Python Lists: A closer look, part 4

MP #8: When are tuples a better choice than lists?

Note: The previous post in this series discussed the list comprehensions. The next post discusses how to profile Python programs, so you’ll be able to measure the impact of any optimizations you make in your code.

Tuples are often introduced as "lists that don't change". This is a reasonable first way to think about tuples, but there are more nuanced ways of understanding tuples. For example tuples use memory more efficiently than lists, and that can have a significant impact on how efficiently your program runs.

Lists are so useful that it can be tempting to use them whenever you need to work with a sequence. If they're working for the problem you're trying to solve, and the performance of your program is adequate, then there's no pressing need to use a different data structure. But there are a number of other sequences you can use, that fit specific situations. In this installment we'll look at when it's appropriate to use tuples, and how the choice to use a tuple can affect the performance characteristics of your programs.

What is a tuple?

A tuple is an immutable sequence; we'll get to that word in more detail in a moment. It's helpful first to consider the kinds of things you can do with a tuple, and what you can't do. You can do any of the following with a tuple:

  • Get an element from the tuple.
  • Loop over the tuple, or loop over part of the tuple.
  • Check if an item is in the tuple, or not in the tuple.

There are some things you can't do with a tuple:

  • Add an element to the tuple.
  • Replace an element.
  • Remove an element.

What does “immutable” mean?

Tuples are often described as "immutable", without much discussion about what that means beyond "they can't be changed". Whether an object is mutable or immutable has a significant impact on how the language handles that object. Immutable objects are easier for a language to manage, because once the object is stored in memory it may be accessed multiple times, but it can never be added to or modified in any way.

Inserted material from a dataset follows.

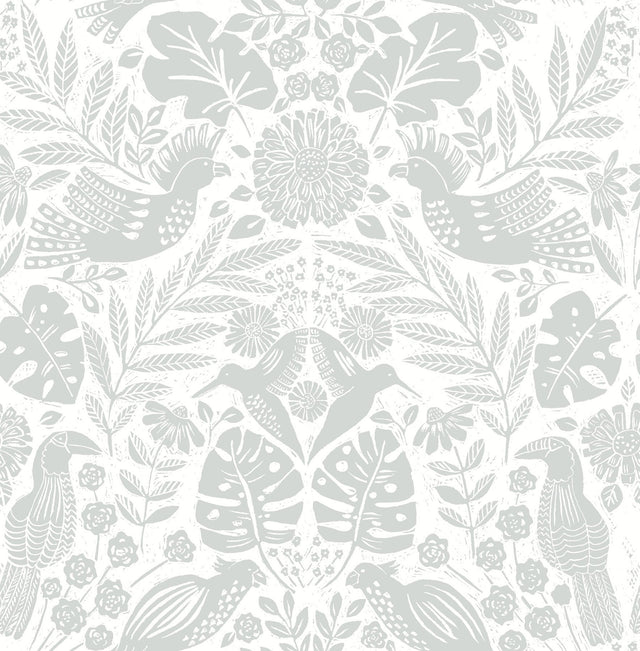 Nestle Light Grey Bird Block Print Wallpaper with Tropical Animal Damask - A-Street Prints 4122-27001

This distinction becomes slightly more complicated to think about when you consider variables. A variable is a reference to a value. We can change the value that a variable refers to, which makes it a little harder to think about immutability. Keep in mind it's the value that's immutable and can't be changed; you can change what a variable refers to any time you want.

To see this more clearly, lets write a program that stores the first five prime numbers in a list, and then prints the list. Then we’ll add another prime to the list, and print the list again:

# primes_list.py

primes = [2, 3, 5, 7, 11]
print(primes)

primes.append(13)
print(primes)

Here's the output:

[2, 3, 5, 7, 11]
[2, 3, 5, 7, 11, 13]

We can do something interesting with this code to understand the concept of mutability better. The id()function accepts any object, and returns a unique identifier that remains the same for the life of the program’s execution. Keep in mind this is the id of the object that the variable refers to; the variable itself doesn't have an id.

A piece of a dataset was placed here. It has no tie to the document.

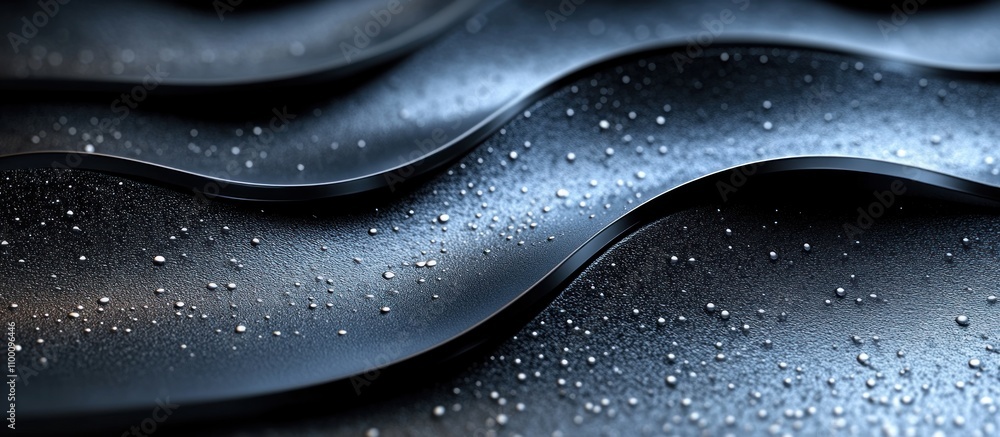 Poster abstract close-up of wavy surfaces with droplets, emphasizing texture and depth.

If we print the id of the list before and after the call to append(), you'll see that the variable primes points to the same object each time:

primes = [2, 3, 5, 7, 11]
primes_id = id(primes)
print(primes_id, primes)

primes.append(13)
primes_id = id(primes)
print(primes_id, primes)

Here's the output:

4352302144 [2, 3, 5, 7, 11]
4352302144 [2, 3, 5, 7, 11, 13]

Even though the list has changed, it's still the same object in memory. If we try the same thing with a tuple, you'll see that the id changes:

# primes_tuple.py

primes = (2, 3, 5, 7, 11)
primes_id = id(primes)
print(primes_id, primes)

primes = (2, 3, 5, 7, 11, 13)
primes_id = id(primes)
print(primes_id, primes)

Here's the output:

4400460672 (2, 3, 5, 7, 11)
4401240608 (2, 3, 5, 7, 11, 13)

We've changed the value that the variable primes refers to, but we've also created an entirely new object, with a different identifier. This is at the heart of mutability: a mutable object can change in memory; an immutable object can only be replaced by an entirely new object.

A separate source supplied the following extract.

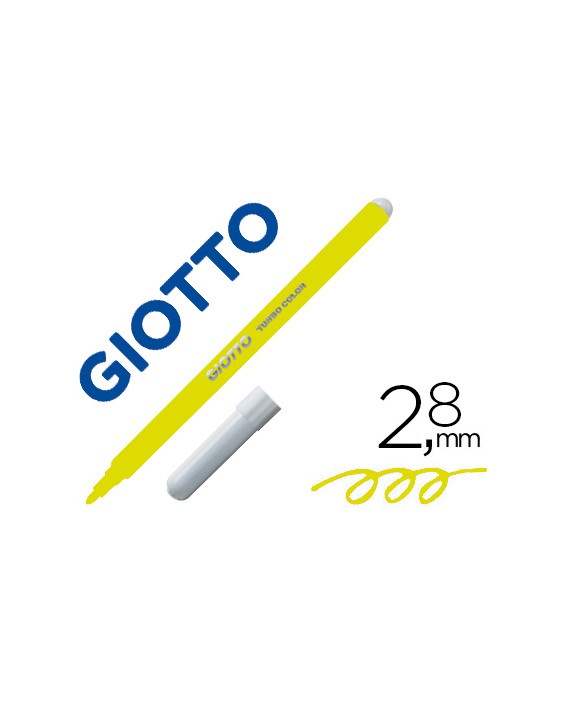Rotulador giotto turbo color lavable con punta bloqueada unicolor amarillo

All of this has important consequences for how efficiently a program runs.

Making short tuples

Making short tuples often looks like this:

>>> primes = (2, 3, 5, 7, 11)

We can verify that this is a tuple using the type() function:

>>> primes = (2, 3, 5, 7, 11)
>>> type(primes)
<class 'tuple'>

Many people come away from this thinking that parentheses always define tuples, just as square brackets always define lists. That is not accurate. Take a look at this example:

>>> primes = 2, 3, 5, 7, 11
>>> type(primes)
<class 'tuple'>

It's actually the commas that define a tuple. This can throw people off if you need to make a tuple with a single element. Wrapping a single item in parentheses, without a comma, does not create a tuple:

>>> prime = (23)
>>> type(prime)
<class 'int'>

You need to include a comma in order to make a tuple with one item:

>>> prime = (23, )
>>> type(prime)
<class 'tuple'>

You don't need the parentheses, either:

>>> prime = 23,
>>> type(prime)
<class 'tuple'>

These details don't come into play too often. But if you're not aware of this aspect of tuples it can be really hard to debug programs when this is the cause of an error.

Making long tuples

This also matters when you make longer tuples using generator expressions. This looks like it might be a tuple, but it's not:

>>> squares = (x**2 for x in range(1_000_000))
>>> type(squares)
<class 'generator'>

This is a generator expression, as we discussed in the previous post in this series. If you want to work with a long tuple, wrap the generator expression in a call to tuple():

>>> squares = tuple(x**2 for x in range(1_000_000))
>>> type(squares)
<class 'tuple'>

Poker hands

To see the difference using tuples can make, let's look at a real-world example. In the following code, the function get_hand() returns a poker hand. To keep things simple, we'll just look at the values of the cards, and ignore the suits. We'll also write this program using only lists initially, without any significant optimization:

# poker_hands.py

from random import choice

all_cards = [2, 3, 4, 5, 6, 7, 8, 9, 10, 'j', 'q', 'k', 'a']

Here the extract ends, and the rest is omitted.